Before I jump into outlining the prospects of AI in medicine, lemme talk a bit about AI in general and how are these algorithms considered to be intelligent in the first place!

What is Artificial Intelligence (AI)?

AI refers to the capability inferred to a computer program to mimic human behavior in some way. This aims at making our lives easier by achieving higher precision and speed in massive tiresome computational tasks, and by incorporating smart automation in the workflows.

But, just hard-coded algorithms or fixed, rule-based systems don’t work very well for achieving such goals. The solution turned out to be not just mimicking human behavior but mimicking how humans learn. Here comes the terms “machine learning” and “deep learning”.

Machine learning is a subset of AI, and it consists of the techniques that enable computers to figure out patterns from training datasets and deliver AI applications, capable of analyzing test datasets. Basically, machine learning allows machines to go through a learning process. It does this by developing foundational models to solve problems. The machine learning algorithm alters the model every time it combs through the data and finds new patterns. This approach enables learning and provides increasingly accurate outputs. Machine learning can be achieved through several ways, like supervised, unsupervised, semi-supervised or reinforced learning. I've explained the basic concept of machine learning in a bit more detail in my YouTube video.

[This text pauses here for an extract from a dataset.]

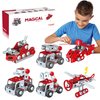 ITECRONH Fire Trucks STEM Building Toy Set for Boys Age 8-12 - Metal Fire Building Block Toys Model Car Kits Set - Fire Fighting Cars STEM Kits for Kids 6-8, 8-10 Stem Projects Vehicles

You might have come across another term called “deep learning”. Now what the heck is that? Deep learning, meanwhile, is a subset of machine learning that enables computers to solve more complex problems, imitating the workings of the human brain in processing data and creating patterns for use in decision making. The deep learning algorithms are capable of reacting to input data by modifying and adapting themselves gradually over the time. In simple terms, deep learning is all about using neural networks with more neurons, layers, and inter-connectivity. We’re still a long way off from mimicking the human brain in all its complexity, but we’re moving in that direction quite fast.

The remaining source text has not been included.